▶ [Available data]:
========

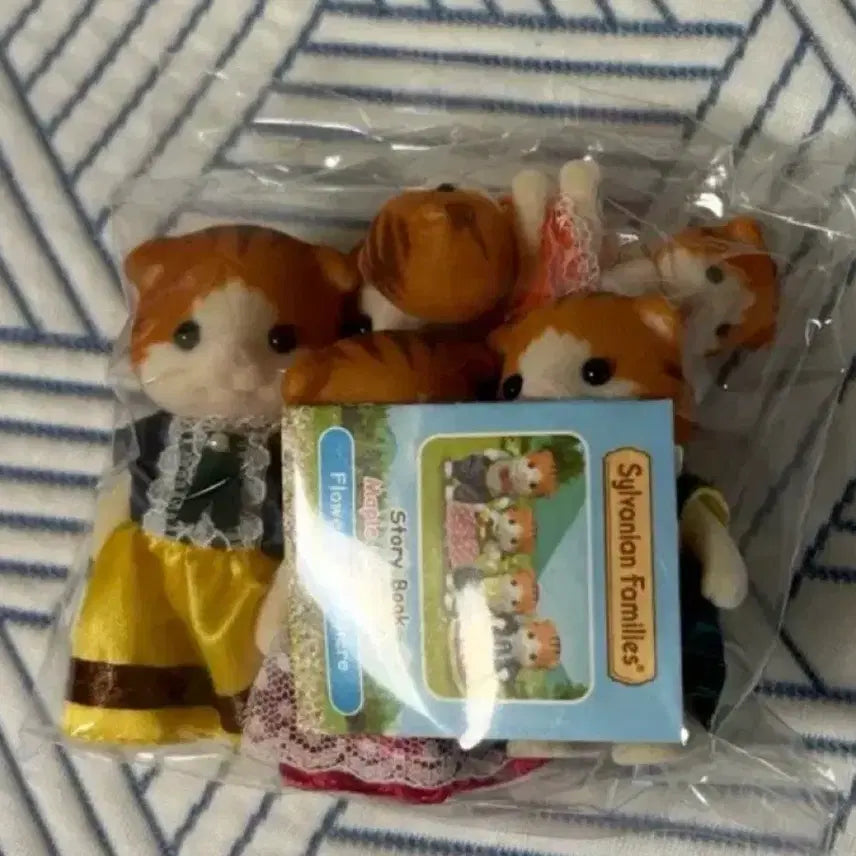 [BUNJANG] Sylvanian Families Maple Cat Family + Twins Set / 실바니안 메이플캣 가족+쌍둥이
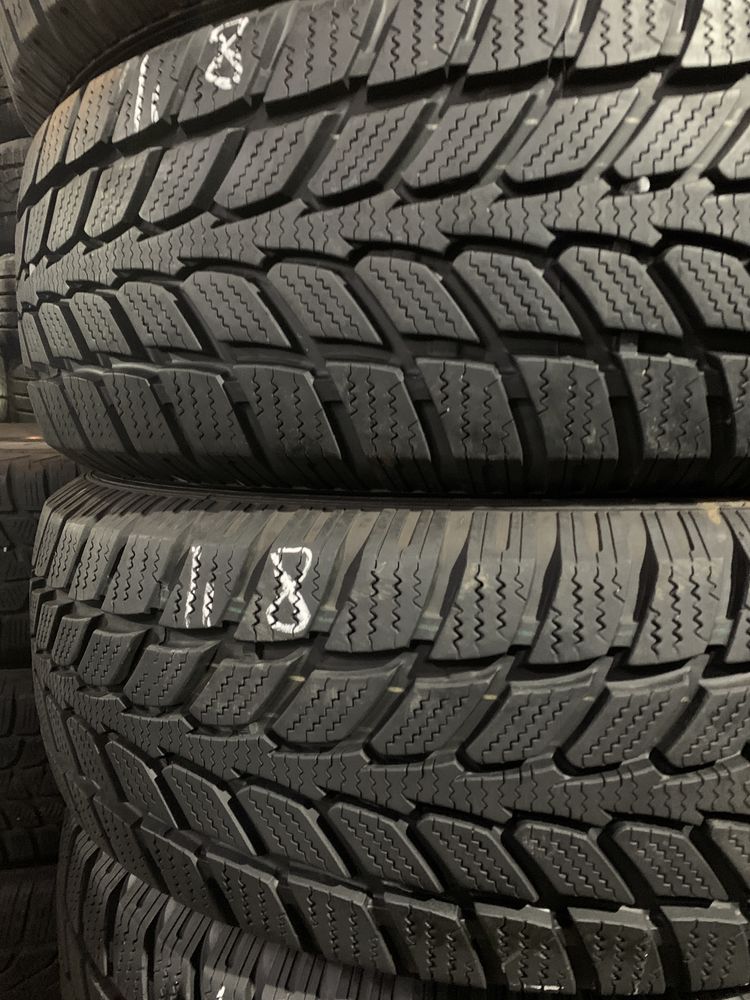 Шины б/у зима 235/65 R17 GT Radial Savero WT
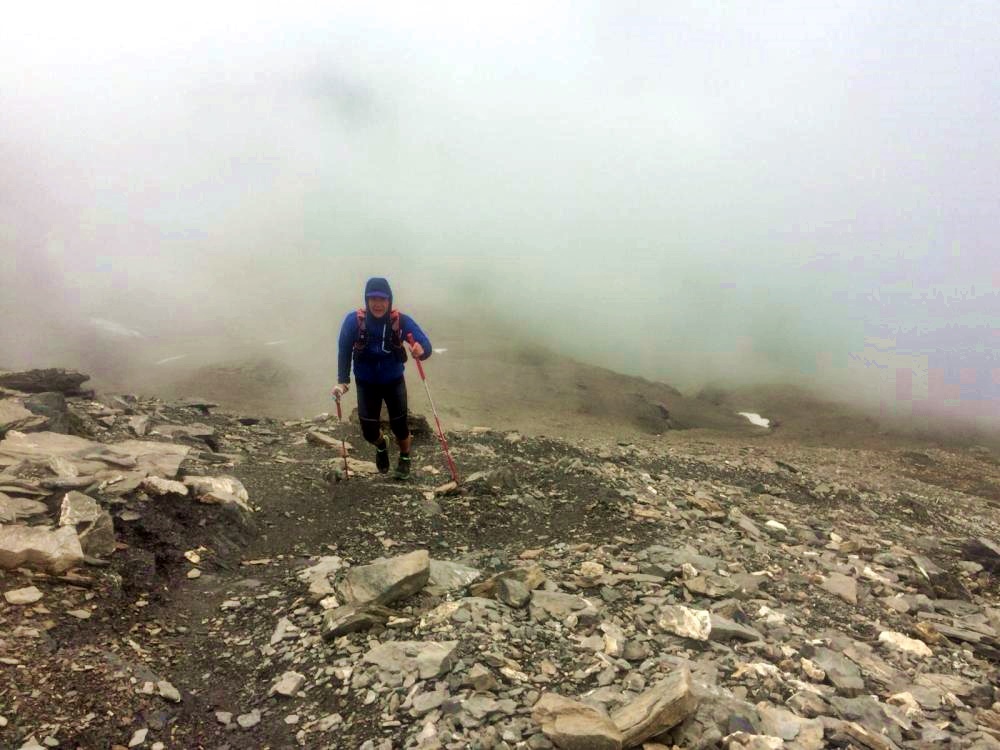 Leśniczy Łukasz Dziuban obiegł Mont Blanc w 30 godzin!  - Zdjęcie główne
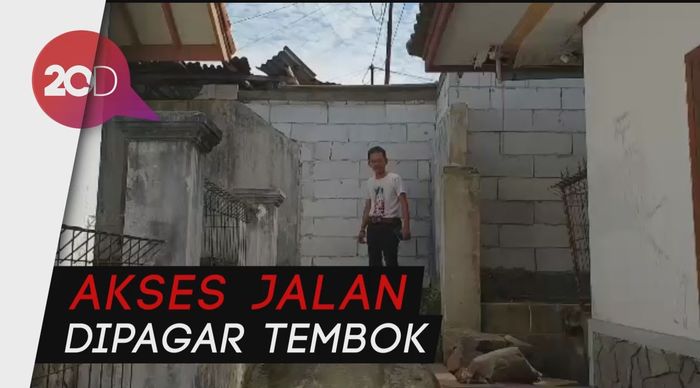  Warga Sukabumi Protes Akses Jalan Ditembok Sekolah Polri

========

▶ [Brief]: Both the line containing "Leśniczy Łukasz Dziuban" and the last line of the listing above belong in the copy, along with every line between them; retype them exactly and omit the pictures.

▶ [Response area]:
 Leśniczy Łukasz Dziuban obiegł Mont Blanc w 30 godzin!  - Zdjęcie główne
  Warga Sukabumi Protes Akses Jalan Ditembok Sekolah Polri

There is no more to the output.